[Task directions]
Produce word for word the lines of the data below running from the one that has "stazione ferroviaria di Giarre - Riposto" to the one that has "New 2027 Nissan", inclusive, and no others.
Segment Start: Given data
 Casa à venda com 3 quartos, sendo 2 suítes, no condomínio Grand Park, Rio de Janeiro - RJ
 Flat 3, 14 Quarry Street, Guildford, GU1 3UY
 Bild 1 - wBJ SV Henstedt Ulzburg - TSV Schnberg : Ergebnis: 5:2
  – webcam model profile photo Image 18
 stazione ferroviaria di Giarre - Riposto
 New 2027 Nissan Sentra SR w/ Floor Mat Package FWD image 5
Segment End: Given data
Segment Start: Given data
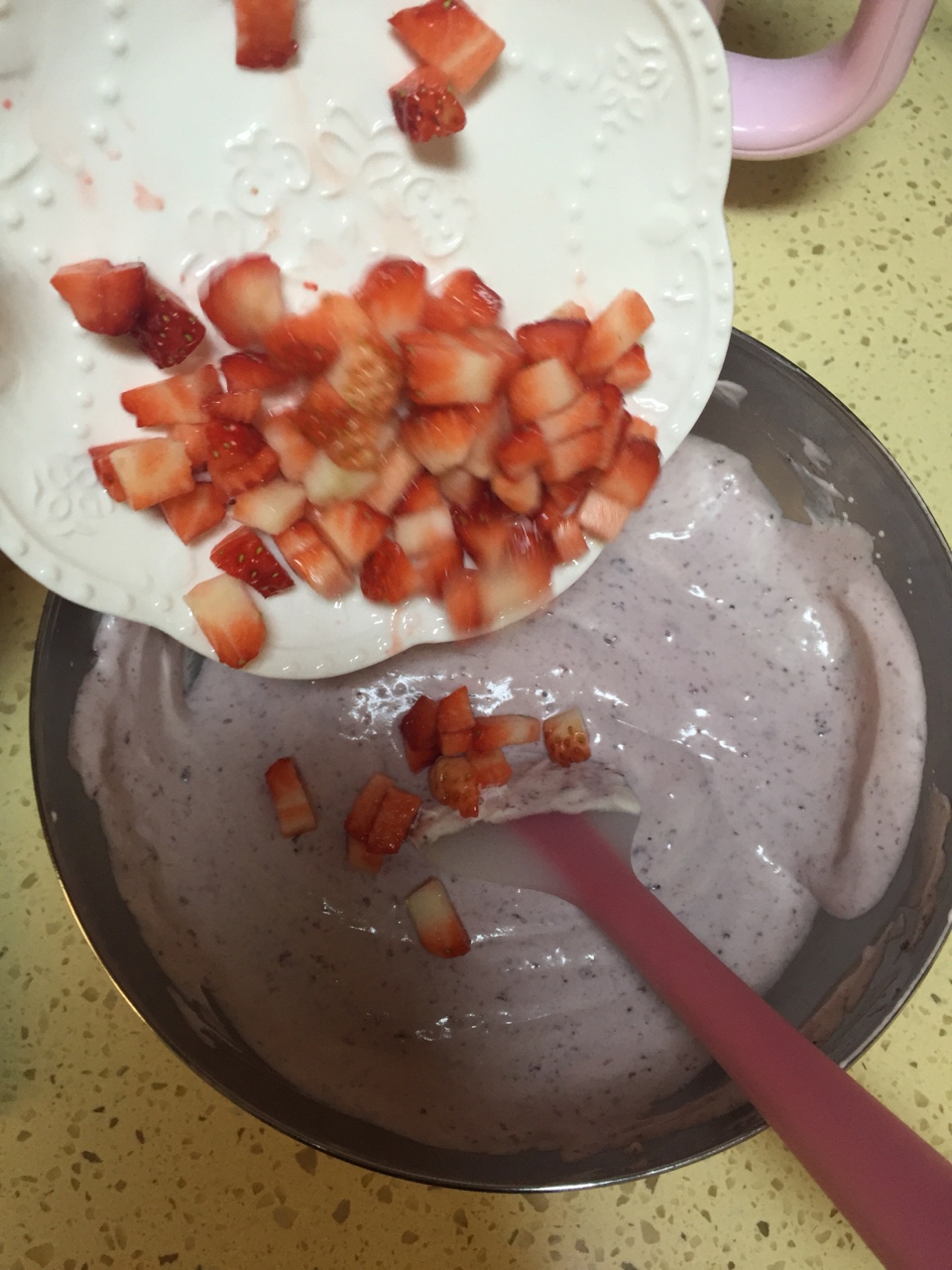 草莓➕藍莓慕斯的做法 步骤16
Segment End: Given data
[Response]
 stazione ferroviaria di Giarre - Riposto
 New 2027 Nissan Sentra SR w/ Floor Mat Package FWD image 5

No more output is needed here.